Il n’y a pas eu non plus de pressions pour une enquête internationale à la suite de l’explosion du port, pour former le gouvernement ou pour trouver une solution à la problématique du Hezbollah au Liban. Le Hezbollah détourne la nourriture et les carburants pour les vendre en Syrie. On est face à un problème de souveraineté dont la France ne s’est jamais emparée. La France et l’Union européenne n’ont par ailleurs rien fait sur la question des réfugiés syriens (2 millions) qui vivent au Liban (4 millions d’habitants) et présente un danger sécuritaire, culturel et pour les infrastructures. Ils sont payés par l’UE et c’est un poids pour le peuple libanais qui ploie sous une crise terrible.

Y-a-t-il encore des choses à attendre de l’UE et de la France en particulier ?

On peut toujours s’attendre à des choses mais je suis très désillusionnée. Sur ces deux dernières années, la France et l’UE n’ont fait que promettre des choses irréalistes et irréalisables.

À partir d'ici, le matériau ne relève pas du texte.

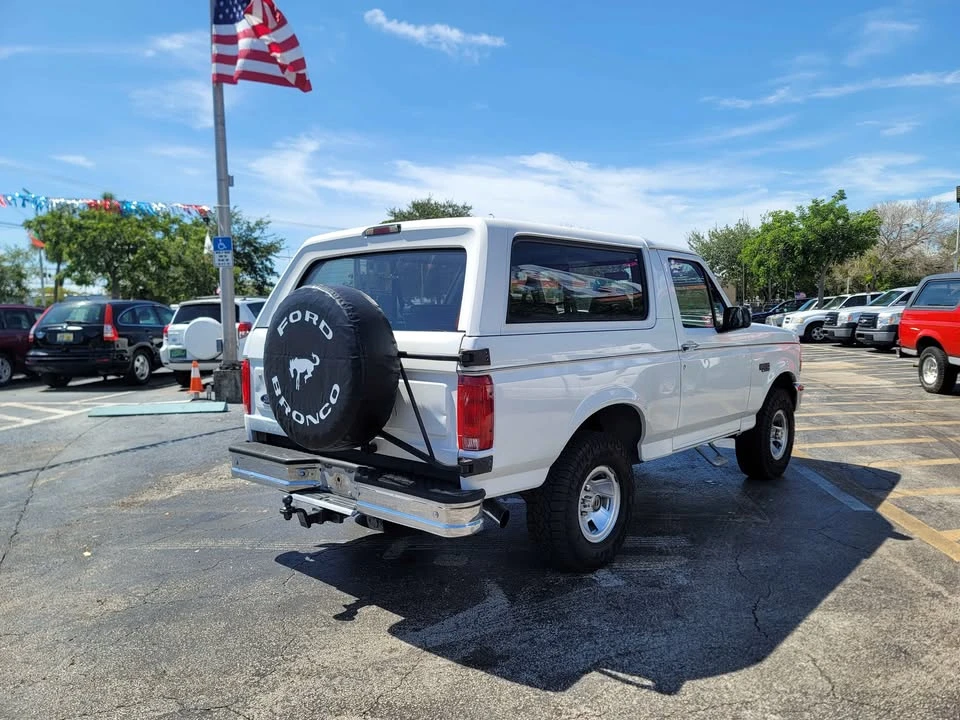 1996 Ford Bronco 5th Gen - Image 5 of 20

Il y a un manque de concret dans le discours. La France n’aborde pas, par exemple, le sujet de la neutralité du Liban, sur le conflit israélo-palestinien et la Syrie par exemple. On veut que le pays soit écarté de tous les conflits du Moyen-Orient. La deuxième revendication porte sur l’enquête internationale à la suite de l’explosion du port. La France semble faire confiance à nos magistrats et nos enquêteurs, mais ces deniers n’ont rien fait. La France a aussi commis la grave erreur de faire une distinction entre branche politique et branche armée du Hezbollah. Les Américains, eux sont plus franc.

Et, encore une fois, elle ne fait rien sur la question des réfugiés. Il faut que le président de la République fasse honneur à son engagement, que son initiative aboutisse à quelque chose. Mais il n’a fait qu’entraver les choses et faire pâlir l’image de la France au Liban. Il y a une méfiance de la France et surtout du président Macron. Il faudrait aussi que la France et l’UE déploient des inspecteurs et une surveillance pour les législatives 2022. Ce sera une élection déterminante qui pourrait changer beaucoup de choses. D’ici là, un point reste à surveiller : les pourparlers de Vienne sur le nucléaire iranien. En cas de nouvel accord le Liban va se retrouver enlisée.